Collected data:
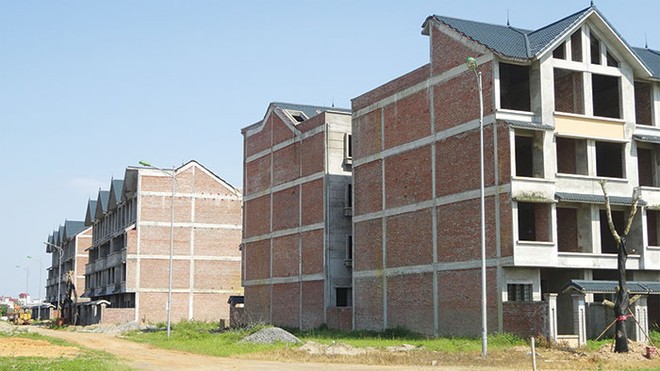 Năm 2014, thanh tra các dự án bằng nguồn vốn nhà nước đã phát hiện nhiều dự án không nằm trong quy hoạch nhưng vẫn triển khai thi công, gây nợ đọng xây dựng cơ bản 
673 tỷ đồng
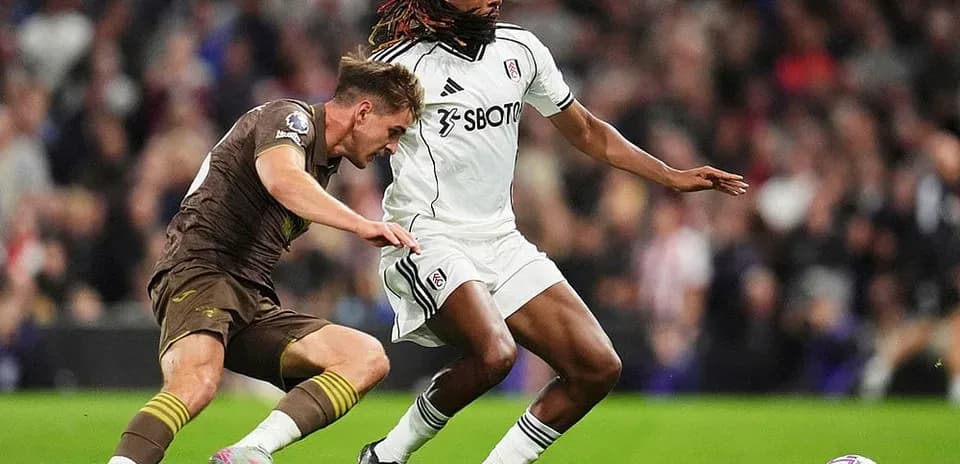 Jugadores de Brentford y Fulham en acción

How to complete this task: Only the text of the material belongs in your copy, which must match the original exactly.

Response:
 Năm 2014, thanh tra các dự án bằng nguồn vốn nhà nước đã phát hiện nhiều dự án không nằm trong quy hoạch nhưng vẫn triển khai thi công, gây nợ đọng xây dựng cơ bản 
673 tỷ đồng
 Jugadores de Brentford y Fulham en acción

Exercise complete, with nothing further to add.